The terms of Keillor’s departure from radio are murky Image by Tim Mosenfelder/Getty Images
If you have won the Nobel Prize in Literature since 2009, when Garrison Keillor’s top pick John Updike passed away and thus became ineligible for the award, and you are not named Philip Roth, you may expect to be called “a writer of migraines.”
That’s the first of many insults lobbed by the former host of “A Prairie Home Companion” at this year’s laureate, Kazuo Ishiguro, over his fatal flaw of not being Philip Roth. Writing in The Washington Post, Keillor went on to declare that not one person would want to have dinner with any of the three authors to which the Nobel Committee compared Ishiguro: Jane Austen, Kafka and Proust.

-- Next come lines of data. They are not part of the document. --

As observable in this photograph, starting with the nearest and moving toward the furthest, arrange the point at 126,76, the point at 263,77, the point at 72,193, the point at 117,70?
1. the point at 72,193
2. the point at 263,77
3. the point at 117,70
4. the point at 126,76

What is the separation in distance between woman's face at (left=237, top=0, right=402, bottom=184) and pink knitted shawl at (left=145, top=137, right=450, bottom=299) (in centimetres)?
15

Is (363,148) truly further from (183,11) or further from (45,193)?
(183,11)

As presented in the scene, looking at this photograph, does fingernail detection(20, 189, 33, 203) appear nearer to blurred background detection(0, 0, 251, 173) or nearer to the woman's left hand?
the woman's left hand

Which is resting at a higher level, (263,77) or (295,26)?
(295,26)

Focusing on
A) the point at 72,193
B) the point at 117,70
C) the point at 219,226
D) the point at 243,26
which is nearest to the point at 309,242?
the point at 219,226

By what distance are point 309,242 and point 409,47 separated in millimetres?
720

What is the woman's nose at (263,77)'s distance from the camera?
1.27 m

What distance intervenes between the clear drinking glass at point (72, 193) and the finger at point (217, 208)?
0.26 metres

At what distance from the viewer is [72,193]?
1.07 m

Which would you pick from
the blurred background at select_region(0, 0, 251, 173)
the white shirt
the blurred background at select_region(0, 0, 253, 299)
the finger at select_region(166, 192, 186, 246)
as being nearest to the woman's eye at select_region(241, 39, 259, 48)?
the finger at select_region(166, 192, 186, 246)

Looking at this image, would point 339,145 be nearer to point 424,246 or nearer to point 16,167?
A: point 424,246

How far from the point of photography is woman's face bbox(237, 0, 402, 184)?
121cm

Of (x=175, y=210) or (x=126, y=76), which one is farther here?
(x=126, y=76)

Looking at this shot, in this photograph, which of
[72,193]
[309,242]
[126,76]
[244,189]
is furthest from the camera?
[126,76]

Other invectives included the remark that “what the Nobel judges recognize is bleak, cramped, emotionally stunted, enigmatic, pretentious,” a description of Ishiguro’s critically-lauded work as “dull and deadly,” and a claim that the Swedish Academy, which bestows the Nobel Prizes, is “leading young writers to aspire to vacuity.”
Of course, before the regrettable passing of Updike — that author, for the record, appears to still rank higher than Roth in Keillor’s estimation; in a 2014 memoir, he imagined giving Updike a posthumous Nobel — Keillor was just as starkly ill-enthused by the Swedish Academy’s choices. Doris Lessing took home the prize in 2007; he deemed her writing to be “like Greenland without the melting.”

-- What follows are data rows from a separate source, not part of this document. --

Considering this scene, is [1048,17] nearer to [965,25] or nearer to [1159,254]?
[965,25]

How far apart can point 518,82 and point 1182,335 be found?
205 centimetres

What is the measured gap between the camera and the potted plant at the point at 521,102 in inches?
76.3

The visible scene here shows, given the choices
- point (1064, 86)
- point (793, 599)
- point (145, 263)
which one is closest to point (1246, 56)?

His complaint towards both Ishiguro and Lessing was essentially the same: Their prose lacks panache, and worse, humor. “Why can’t you ever give the Nobel Prize to a writer with a sense of humor and style? Why?” he begged, while bemoaning the choice of Lessing on “A Prairie Home Companion.” “All the Swedes with a sense of humor came to America,” he mourned, writing on Ishiguro.

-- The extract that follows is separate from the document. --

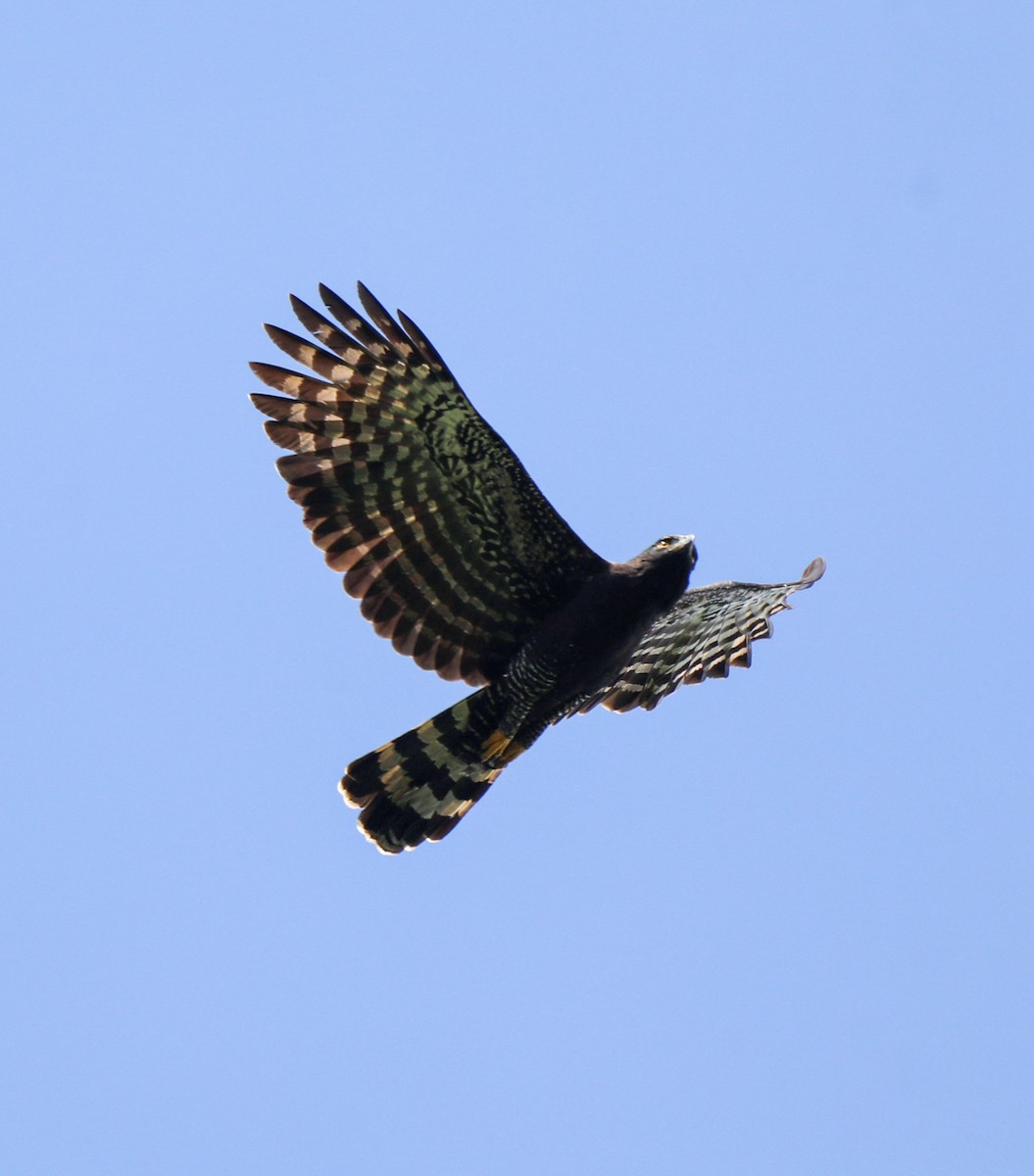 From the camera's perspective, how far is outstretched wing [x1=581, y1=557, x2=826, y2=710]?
1307 cm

Never fear, Keillor is uninterested in confining himself to kvetching; he has an idea about how to change things for the better.
“Let the Jews give the Nobel Prize,” he wrote. (This particular Jew thought Ishiguro was a perfectly acceptable choice for the Award.)
“They know from literature,” he went on. “Compare a list of great Jewish writers and a list of great Swedish writers. I rest my case.”